Como se sabe, detrás de toda fotografía memorable suele existir una gran historia con una dosis de azar y buena fortuna, que a veces se equipara en interés a la imagen misma. La cuidada edición de Time acompaña cada foto con su respectivo retrato hablado. No voy a cometer aquí la indelicadeza de escamotear a los lectores el inestimable placer de ser ellos mismos quienes se adentren en esos parajes dramáticos y luminosos, pero sencillamente no puedo resistir la tentación de ofrecer algunos abrebocas suculentos.
Lo mío ha sido desde siempre una fascinación por los personajes históricos. ¿Quién en su sano juicio no daría lo que fuera por conocer el aspecto real, la viva imagen de alguno de sus héroes de la antigüedad? Aristóteles, Jesucristo, Tomás de Aquino. Lamentablemente los teléfonos inteligentes no abundaban por aquel entonces.
Como premio de consolación, Time nos ofrece algunos soberbios retratos de ciertos próceres más contemporáneos: Abraham Lincoln, ese gigante espigado y taciturno cuyo semblante irradiaba desde siempre una enigmática melancolía. Gandhi recitando un mantra recogido en la soledad de su habitación. Neil Armstrong contemplando la sideral inmensidad del espacio desde su atalaya lunar. Winston Churchill, escrutándonos con esa mirada socarrona y vivaz, unos penetrantes ojos infantiles atrincherados en su rechoncha y bien trajeada humanidad. Después de algunos forcejeos con el fotógrafo turco-canadiense Yousuf Karsh, Churchill finalmente se dio por vencido y se dejó retratar por aquel, soltando luego una de sus geniales frases: “usted es capaz de lograr que un león rugiente se quede quieto para una fotografía”.
Pero también se pasea por las páginas de Time un dramático y silencioso ejército de héroes y víctimas, célebres y anónimos, actores, bailarinas, inmigrantes, deportistas, niños famélicos y enfermos terminales, pobres de solemnidad sufriendo los rigores de la Gran Depresión, obreros tomando su almuerzo suspendidos en vilo sobre la Gran Manzana, Marines izando la bandera estadounidense sobre un amasijo de hierro y piedra en Iwo Jima, soldados del Ejército Rojo izando la suya sobre las ruinas candentes del Reichstag, muertos apilados sobre el ensangrentado terreno de Antietam, documentos gráficos de crímenes atroces diversos, la escalofriante imagen de un hombre que se lanza al vacío desde las malogradas torres del World Trade Center el 11 de Septiembre de 2001.
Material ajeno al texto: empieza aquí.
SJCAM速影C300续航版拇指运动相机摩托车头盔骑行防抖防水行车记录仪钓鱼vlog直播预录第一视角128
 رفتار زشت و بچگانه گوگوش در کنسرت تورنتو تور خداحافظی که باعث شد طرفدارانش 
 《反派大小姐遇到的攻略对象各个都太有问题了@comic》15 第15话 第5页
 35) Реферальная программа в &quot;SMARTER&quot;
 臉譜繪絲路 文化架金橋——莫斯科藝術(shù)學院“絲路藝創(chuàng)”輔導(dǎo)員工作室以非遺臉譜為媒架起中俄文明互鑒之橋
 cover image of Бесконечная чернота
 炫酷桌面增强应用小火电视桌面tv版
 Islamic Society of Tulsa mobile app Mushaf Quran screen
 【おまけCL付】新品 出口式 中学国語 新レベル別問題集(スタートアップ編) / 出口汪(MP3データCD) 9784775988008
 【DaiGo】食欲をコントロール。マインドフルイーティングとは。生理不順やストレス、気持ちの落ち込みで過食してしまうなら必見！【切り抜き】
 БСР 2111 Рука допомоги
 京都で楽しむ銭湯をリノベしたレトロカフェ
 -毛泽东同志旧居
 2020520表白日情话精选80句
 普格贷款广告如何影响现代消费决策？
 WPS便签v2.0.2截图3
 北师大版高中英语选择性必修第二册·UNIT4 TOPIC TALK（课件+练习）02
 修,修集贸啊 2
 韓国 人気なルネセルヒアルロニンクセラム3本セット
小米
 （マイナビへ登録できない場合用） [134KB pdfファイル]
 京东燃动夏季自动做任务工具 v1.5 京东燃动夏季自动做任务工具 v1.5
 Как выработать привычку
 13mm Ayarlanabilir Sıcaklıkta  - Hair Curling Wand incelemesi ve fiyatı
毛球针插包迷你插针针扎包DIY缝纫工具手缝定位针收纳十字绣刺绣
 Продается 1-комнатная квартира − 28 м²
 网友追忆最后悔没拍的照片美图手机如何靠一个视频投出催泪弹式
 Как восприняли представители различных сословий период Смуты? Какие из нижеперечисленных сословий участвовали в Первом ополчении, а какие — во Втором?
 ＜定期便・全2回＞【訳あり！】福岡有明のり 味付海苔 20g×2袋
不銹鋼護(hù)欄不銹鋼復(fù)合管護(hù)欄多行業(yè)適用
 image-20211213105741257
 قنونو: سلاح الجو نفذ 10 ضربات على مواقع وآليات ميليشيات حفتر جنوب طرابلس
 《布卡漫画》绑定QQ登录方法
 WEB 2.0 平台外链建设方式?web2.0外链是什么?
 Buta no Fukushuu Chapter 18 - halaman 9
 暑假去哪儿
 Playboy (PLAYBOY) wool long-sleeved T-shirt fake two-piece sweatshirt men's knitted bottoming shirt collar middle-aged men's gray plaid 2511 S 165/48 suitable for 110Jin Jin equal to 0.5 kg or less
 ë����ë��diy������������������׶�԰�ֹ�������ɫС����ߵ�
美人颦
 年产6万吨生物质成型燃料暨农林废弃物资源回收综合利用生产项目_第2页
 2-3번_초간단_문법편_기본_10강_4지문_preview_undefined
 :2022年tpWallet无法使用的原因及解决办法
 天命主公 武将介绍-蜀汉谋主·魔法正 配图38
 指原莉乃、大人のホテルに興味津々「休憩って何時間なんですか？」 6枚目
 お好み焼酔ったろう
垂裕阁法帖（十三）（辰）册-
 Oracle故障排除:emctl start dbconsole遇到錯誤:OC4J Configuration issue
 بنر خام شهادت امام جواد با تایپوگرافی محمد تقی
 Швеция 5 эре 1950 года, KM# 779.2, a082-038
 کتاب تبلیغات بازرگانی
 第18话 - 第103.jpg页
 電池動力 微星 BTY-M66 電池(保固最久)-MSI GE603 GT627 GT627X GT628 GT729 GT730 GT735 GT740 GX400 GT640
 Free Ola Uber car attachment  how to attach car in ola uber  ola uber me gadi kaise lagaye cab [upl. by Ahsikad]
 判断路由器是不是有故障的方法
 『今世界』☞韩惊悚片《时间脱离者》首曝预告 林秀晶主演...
Todas ellas, imágenes convertidas en poderosos y sobrecogedores íconos de su tiempo y sus circunstancias que, como bien lo expresan los editores de Time, reflejan ese inefable enigma de estar en el lugar indicado, en el momento preciso. Eso fue lo que le pasó al fotógrafo Harry Benson cuando capturó para la posteridad la célebre guerra de almohadas de los Beatles en su habitación del hotel George V de París en 1964. Benson, un curtido y serio reportero gráfico, se encontraba en la capital francesa de camino a cubrir alguna noticia en África cuando fue asignado intempestivamente a seguir a los muchachos de Liverpool. Escéptico al principio, quedó fascinado por el cuarteto una vez que entró en contacto con ellos y su música. La imagen capta la juvenil euforia de la banda al enterarse de que su canción I Want to Hold your Hand, había alcanzado el número 1 en los Estados Unidos, dando rienda suelta al vendaval de la Beatlemania. Al recordar, años después, ese preludio de una colaboración que se extendería por décadas, Benson diría: “Estuve tan cerca de no estar allí…”
Mientras escribo esto cierro el ejemplar de Time y pienso: de no haber sido por Benson y el centenar de sus prodigiosos colegas cuya mirada nos interpela desde esas páginas imperecederas, qué cerca hubiéramos estado nosotros de no estar allí.